(Stored items)
--------------------

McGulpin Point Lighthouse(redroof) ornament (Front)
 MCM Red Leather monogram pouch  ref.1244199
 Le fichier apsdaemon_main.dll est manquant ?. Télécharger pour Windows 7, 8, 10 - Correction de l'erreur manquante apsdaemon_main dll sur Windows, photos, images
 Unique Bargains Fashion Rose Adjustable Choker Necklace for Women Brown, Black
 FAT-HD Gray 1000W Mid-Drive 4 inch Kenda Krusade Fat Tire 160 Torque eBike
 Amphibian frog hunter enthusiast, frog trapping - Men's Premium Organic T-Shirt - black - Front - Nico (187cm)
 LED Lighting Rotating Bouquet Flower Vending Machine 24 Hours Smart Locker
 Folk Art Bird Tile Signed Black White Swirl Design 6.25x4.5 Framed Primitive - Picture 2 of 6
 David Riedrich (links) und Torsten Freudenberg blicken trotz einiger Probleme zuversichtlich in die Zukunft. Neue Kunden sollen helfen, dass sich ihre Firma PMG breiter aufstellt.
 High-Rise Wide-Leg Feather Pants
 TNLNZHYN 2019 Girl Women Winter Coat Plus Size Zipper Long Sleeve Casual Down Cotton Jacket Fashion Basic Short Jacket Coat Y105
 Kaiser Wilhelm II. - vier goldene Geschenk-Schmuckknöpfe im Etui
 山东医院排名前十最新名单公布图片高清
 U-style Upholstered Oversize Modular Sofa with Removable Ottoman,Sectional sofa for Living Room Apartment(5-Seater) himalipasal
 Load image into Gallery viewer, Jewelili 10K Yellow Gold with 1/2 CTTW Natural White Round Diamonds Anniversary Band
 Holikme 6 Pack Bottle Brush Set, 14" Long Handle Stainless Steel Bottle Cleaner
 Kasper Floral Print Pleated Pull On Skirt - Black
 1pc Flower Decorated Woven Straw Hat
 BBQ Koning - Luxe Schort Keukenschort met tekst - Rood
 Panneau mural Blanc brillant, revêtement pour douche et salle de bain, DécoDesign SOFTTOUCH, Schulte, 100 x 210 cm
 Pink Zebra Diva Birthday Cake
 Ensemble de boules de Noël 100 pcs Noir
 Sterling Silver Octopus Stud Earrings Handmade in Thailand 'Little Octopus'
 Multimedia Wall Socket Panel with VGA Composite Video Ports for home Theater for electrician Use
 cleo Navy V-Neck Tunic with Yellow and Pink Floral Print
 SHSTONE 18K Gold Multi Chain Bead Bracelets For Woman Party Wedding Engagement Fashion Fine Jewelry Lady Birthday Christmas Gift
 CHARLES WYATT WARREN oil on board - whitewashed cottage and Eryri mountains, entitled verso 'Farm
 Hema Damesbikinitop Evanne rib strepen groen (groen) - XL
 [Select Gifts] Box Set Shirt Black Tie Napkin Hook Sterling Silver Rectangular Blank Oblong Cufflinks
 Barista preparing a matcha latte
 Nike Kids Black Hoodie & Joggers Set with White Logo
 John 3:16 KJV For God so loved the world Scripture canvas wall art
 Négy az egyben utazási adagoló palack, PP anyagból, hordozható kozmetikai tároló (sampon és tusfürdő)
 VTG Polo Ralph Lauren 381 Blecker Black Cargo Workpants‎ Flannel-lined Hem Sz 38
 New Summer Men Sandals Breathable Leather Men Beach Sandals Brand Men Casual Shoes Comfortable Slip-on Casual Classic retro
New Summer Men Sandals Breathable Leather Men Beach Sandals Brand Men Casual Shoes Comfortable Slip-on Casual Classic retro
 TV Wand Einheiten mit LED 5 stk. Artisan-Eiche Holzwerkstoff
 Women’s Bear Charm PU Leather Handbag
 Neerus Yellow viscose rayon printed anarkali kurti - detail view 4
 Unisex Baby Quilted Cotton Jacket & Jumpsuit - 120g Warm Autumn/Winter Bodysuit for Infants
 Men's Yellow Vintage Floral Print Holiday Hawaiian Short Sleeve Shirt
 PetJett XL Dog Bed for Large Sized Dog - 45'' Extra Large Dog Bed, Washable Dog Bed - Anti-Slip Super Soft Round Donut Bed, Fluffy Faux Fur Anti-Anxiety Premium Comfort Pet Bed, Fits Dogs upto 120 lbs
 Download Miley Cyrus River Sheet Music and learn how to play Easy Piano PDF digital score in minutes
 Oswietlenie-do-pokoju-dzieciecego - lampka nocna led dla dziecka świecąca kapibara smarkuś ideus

--------------------

What is being asked: Each line in the data that has the word "Sleeve" counts once; state how many such lines there are, without comment.

Solution for this task: 2